Segment Open
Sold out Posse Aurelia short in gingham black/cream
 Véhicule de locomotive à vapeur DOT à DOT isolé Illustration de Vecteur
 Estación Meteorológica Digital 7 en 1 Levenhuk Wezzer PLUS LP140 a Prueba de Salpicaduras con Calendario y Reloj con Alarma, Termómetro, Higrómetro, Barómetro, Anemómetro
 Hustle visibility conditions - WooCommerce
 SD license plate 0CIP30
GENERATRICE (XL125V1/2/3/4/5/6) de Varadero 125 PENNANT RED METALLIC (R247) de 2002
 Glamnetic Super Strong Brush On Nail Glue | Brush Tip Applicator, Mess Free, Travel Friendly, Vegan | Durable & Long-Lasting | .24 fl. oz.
Segment Closed
▶ [Try it] Only the lines from the one containing "Véhicule de locomotive" through the last line of the records above are to be reproduced, exactly and with both ends included.

▶ [Output of the exercise]
 Véhicule de locomotive à vapeur DOT à DOT isolé Illustration de Vecteur
 Estación Meteorológica Digital 7 en 1 Levenhuk Wezzer PLUS LP140 a Prueba de Salpicaduras con Calendario y Reloj con Alarma, Termómetro, Higrómetro, Barómetro, Anemómetro
 Hustle visibility conditions - WooCommerce
 SD license plate 0CIP30
GENERATRICE (XL125V1/2/3/4/5/6) de Varadero 125 PENNANT RED METALLIC (R247) de 2002
 Glamnetic Super Strong Brush On Nail Glue | Brush Tip Applicator, Mess Free, Travel Friendly, Vegan | Durable & Long-Lasting | .24 fl. oz.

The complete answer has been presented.